Можно с большой уверенностью сказать, знакомясь с документами тех лет, что вся глубинная разведка в Русско-японской войне велась за счет китайских агентов.
Любой русский разведчик, проникнув с огромным трудом в расположение японцев, всегда расстреливался. Всю Россию обошла весть о русском солдате Рябове, который, переодевшись в китайца, ушел в тыл к японцам, был пойман и принял геройскую смерть, чем восхитил уважающих храбрость японских солдат и офицеров.
Другое дело японец — прицепив косу и выбрив лоб, зная чуть-чуть китайский язык, нравы и обычаи местного населения, он легко мог сойти за китайца и разгуливать, пользуясь беспечностью и незлобивостью нашего солдата, по расположению русских войск, торгуя курами и чумизными лепешками.
В Русской армии в разведку к японцам шли добровольцы. Среди офицеров казачьих частей считалось особой доблестью участвовать в разъезде, отправляющемся в глубокую разведку. При этом никакого вознаграждения они не требовали, а честно и добросовестно выполняли свой долг, руководствуясь только одним принципом — «надо».
Критики казаков, такие, как Э. Тетгау, Л. Нодо, Гамильтон и другие, уже названные и не названные мной, осуждали казаков не только за «неумение вести разведку», но и за «неумение действовать в конном строю».
Но о каком конном строе могла быть речь при боях на такой местности, о которой уже упоминалось?
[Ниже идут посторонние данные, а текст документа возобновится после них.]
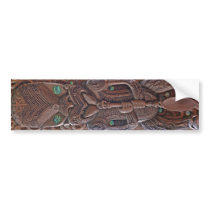Maori Kahungunu Carving - Sticker Bumper Stickers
Разве можно было атаковать «лавой» по глубокому ущелью, пересеченному множеством ручьев и речек, дно которых покрыто камнями, и лошади могли идти по воде только осторожно и медленно, нащупывая себе дорогу!
При всех недостатках, имевшихся в казачьих частях и выявившихся в ходе боев на перевалах и отступления к Ляояну и Мукдену, они со своей задачей справились. Большего требовать от них было нельзя.
Казачья бригада генерала Мищенко располагалась на отдыхе за Ляоянскими позициями. Люди и кони отдыхали, казаки сменили истрепавшееся обмундирование на новое, готовились к предстоящим боям.
Воздавая должное самоотверженной службе казаков, их подвигам совершенным в боях на перевалах, командующий Маньчжурской армией генерал А.Н. Куропаткин назначил на каждую сотню по 5 Знаков Отличия Военного ордена, дополнительно к тем трем, которые были пожалованы за поход в Корею и бой у Чончжу.
Для вручения наград командующий прибыл на бивак отряда лично.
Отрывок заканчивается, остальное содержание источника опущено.